Ainda assim, Laporta crê que tanto detentas travestis quanto transexuais deveriam permanecer em presídios femininos para evitar estupros e outras agressões. “E sem separação de celas para as mulheres. Caso haja garantia de segurança, o convívio entre as detentas ajuda na recuperação”, acrescenta a ativista.
O especialista em segurança pública George Felipe de Lima Dantas concorda. “O ambiente prisional deve emular a vida do lado de fora das celas”, crê. Entretanto, Dantas teme que a autodeclaração possa levar a fraudes. “Assim como há registro de pessoas que fraudaram o sistema de cotas em universidades, há quem possa se aproveitar dessa política”, pondera.
Memória
Cafetinas traficavam travestis
Ao menos 50 prostitutas eram vítimas da organização criminosa desarticulada na terça-feira pela Polícia Civil. Na Operação Império, a Decrin prendeu 10 pessoas suspeitas de integrarem o grupo — oito delas também travestis. A relação entre as cafetinas e as garotas de programa era marcada pela violência e exploração.

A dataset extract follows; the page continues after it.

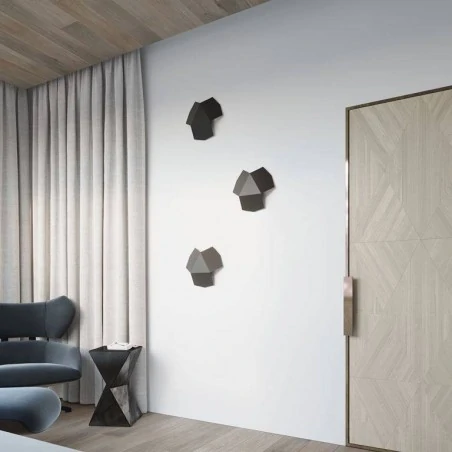 Kinkiety - czarny kinkiet tre sl.0425 sollux lighting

As donas dos cinco abrigos localizados pela polícia ameaçavam as vítimas com facas e pistolas .38. Além disso, uma das líderes obrigava algumas das travestis a aplicarem silicone industrial no corpo, procedimento de altíssimo risco à saúde. A Polícia também apontou relação do grupo com a morte da travesti Ágatha Lios, 22 anos, em janeiro. Ela era aliciada por uma das suspeitas. Quatro rivais, lideradas pela mesma organização, esfaquearam a vítima em uma central de distribuição dos Correios, em Taguatinga Sul.
Política cultural LGBTI
A nova política cultural LGBTI, lançada ontem pelo GDF, estimulará as manifestações do grupo. O objetivo da medida é criar um comitê técnico para iniciar estudos voltados à preservação da memória cultural, bem como identificar e cadastrar movimentos LGBTI espalhados pelo Distrito Federal. Os trabalhos são vinculados à Subsecretaria de Cidadania e Diversidade, da Secretaria de Cultura. A expectativa da pasta é desenvolver políticas públicas voltadas exclusivamente ao grupo, a partir dos dados e informações levantados com os estudos.